EXERCISE INPUTS:
:::

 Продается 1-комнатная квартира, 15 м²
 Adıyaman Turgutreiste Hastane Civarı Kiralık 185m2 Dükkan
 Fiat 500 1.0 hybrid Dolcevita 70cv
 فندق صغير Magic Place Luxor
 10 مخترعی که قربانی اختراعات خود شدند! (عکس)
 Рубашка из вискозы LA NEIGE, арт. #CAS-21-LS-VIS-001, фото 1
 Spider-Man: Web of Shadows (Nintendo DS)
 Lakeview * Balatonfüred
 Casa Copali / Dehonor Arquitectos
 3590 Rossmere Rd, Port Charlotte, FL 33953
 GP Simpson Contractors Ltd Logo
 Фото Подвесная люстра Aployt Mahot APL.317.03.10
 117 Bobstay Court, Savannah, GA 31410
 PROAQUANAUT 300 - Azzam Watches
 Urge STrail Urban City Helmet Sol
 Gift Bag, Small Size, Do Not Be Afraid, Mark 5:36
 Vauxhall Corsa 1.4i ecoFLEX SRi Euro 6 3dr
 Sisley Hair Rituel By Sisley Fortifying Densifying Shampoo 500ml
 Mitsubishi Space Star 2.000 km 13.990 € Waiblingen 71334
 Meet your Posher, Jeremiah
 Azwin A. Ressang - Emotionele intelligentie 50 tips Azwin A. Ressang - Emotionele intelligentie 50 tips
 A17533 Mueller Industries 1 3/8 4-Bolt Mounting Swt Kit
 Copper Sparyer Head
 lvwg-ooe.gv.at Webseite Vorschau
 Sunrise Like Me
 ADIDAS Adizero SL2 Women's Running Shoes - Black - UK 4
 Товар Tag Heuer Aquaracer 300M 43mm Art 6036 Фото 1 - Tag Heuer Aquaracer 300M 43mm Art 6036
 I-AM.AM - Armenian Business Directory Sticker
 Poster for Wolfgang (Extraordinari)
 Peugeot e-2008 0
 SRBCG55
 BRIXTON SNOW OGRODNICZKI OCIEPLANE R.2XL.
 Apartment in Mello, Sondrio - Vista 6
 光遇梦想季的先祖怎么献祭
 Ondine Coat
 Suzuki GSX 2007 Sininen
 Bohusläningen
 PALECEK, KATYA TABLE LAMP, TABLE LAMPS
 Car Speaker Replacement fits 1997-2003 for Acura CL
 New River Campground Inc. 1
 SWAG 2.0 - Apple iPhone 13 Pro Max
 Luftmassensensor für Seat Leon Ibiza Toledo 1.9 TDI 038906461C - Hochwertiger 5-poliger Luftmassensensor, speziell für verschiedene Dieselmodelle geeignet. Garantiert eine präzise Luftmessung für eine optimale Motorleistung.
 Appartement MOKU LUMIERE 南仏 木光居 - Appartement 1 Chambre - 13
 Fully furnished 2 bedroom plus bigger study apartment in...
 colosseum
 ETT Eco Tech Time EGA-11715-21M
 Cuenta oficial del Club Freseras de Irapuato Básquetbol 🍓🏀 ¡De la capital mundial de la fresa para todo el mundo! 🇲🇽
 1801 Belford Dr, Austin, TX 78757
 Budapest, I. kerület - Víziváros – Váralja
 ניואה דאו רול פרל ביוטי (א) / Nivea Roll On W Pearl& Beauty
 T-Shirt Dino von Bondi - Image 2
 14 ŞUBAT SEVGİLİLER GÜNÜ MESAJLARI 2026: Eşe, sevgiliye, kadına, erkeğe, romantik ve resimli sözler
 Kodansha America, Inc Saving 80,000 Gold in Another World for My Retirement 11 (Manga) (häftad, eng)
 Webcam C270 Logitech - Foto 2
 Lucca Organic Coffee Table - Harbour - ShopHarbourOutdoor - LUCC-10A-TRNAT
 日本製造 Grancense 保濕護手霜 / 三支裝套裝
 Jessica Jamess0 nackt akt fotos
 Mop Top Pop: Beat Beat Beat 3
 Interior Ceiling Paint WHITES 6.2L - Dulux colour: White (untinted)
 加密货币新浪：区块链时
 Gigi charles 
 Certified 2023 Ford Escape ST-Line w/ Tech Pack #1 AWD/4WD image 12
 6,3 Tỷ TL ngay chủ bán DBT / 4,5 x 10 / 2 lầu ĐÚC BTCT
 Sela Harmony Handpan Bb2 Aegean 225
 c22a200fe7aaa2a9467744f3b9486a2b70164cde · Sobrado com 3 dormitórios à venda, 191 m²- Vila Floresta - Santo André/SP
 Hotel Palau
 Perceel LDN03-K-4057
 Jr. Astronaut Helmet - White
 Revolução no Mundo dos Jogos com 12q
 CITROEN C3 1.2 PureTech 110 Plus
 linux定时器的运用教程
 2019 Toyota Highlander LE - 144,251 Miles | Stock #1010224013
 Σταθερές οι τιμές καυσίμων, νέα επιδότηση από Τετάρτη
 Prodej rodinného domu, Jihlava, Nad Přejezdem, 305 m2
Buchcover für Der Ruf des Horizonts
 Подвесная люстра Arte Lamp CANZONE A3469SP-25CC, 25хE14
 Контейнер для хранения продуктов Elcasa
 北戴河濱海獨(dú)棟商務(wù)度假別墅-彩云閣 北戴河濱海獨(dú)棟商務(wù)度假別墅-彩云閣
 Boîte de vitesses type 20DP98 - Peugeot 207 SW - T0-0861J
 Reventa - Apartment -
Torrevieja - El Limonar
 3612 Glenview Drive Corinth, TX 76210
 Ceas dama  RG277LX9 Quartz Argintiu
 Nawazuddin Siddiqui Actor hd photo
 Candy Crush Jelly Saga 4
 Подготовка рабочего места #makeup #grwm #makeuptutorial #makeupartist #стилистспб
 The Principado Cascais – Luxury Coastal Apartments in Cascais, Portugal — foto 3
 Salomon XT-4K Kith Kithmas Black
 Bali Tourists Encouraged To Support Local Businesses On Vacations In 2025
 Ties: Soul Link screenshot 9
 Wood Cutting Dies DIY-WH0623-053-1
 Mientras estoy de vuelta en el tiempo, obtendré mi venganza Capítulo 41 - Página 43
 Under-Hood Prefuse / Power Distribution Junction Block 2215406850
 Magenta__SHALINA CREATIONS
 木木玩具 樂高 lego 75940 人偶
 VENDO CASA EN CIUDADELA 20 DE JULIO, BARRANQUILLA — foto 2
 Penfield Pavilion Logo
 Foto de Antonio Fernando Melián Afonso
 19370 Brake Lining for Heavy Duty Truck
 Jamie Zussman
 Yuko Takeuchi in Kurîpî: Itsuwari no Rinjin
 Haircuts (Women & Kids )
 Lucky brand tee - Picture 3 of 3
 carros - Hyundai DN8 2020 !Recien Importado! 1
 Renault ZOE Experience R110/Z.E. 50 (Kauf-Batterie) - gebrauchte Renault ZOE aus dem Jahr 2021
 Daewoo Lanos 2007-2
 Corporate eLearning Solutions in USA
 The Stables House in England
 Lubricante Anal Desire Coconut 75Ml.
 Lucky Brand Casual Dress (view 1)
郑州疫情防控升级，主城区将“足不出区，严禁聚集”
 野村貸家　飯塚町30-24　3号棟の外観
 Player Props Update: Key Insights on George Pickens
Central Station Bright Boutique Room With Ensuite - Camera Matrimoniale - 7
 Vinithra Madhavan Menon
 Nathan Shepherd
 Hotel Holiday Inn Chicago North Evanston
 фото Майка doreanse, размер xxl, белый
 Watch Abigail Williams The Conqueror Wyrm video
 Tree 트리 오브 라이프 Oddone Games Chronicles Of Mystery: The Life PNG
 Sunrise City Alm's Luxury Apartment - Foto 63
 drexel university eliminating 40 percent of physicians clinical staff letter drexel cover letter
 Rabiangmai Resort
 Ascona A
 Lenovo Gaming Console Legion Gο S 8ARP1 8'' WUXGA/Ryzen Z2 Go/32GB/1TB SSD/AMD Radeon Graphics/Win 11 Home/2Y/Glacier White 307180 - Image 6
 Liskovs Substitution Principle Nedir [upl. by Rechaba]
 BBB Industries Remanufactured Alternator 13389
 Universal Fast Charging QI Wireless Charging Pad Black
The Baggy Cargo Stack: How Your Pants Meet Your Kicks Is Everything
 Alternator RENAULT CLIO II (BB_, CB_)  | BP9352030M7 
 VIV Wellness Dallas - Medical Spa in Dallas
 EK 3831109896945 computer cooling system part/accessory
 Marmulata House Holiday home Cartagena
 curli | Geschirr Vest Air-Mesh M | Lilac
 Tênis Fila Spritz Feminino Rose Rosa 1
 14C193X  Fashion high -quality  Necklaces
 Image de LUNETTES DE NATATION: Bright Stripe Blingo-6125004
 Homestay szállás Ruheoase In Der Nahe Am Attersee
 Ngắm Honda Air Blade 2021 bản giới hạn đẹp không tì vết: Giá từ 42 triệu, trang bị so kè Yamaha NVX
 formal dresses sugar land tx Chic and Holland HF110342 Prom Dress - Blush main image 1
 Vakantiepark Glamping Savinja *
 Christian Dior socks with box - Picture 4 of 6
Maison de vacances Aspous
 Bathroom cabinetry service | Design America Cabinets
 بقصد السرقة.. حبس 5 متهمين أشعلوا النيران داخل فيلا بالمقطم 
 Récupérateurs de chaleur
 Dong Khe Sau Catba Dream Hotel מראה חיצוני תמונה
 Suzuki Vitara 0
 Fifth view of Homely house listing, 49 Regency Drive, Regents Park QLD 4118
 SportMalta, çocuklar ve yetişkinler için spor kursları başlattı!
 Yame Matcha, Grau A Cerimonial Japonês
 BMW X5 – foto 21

:::

WHAT TO WORK ON: Retype, in the same exact form, the lines of the material above from the line holding "Adıyaman Turgutreiste Hastane" through the line holding "Рубашка из вискозы".

EXERCISE SOLUTION:
 Adıyaman Turgutreiste Hastane Civarı Kiralık 185m2 Dükkan
 Fiat 500 1.0 hybrid Dolcevita 70cv
 فندق صغير Magic Place Luxor
 10 مخترعی که قربانی اختراعات خود شدند! (عکس)
 Рубашка из вискозы LA NEIGE, арт. #CAS-21-LS-VIS-001, фото 1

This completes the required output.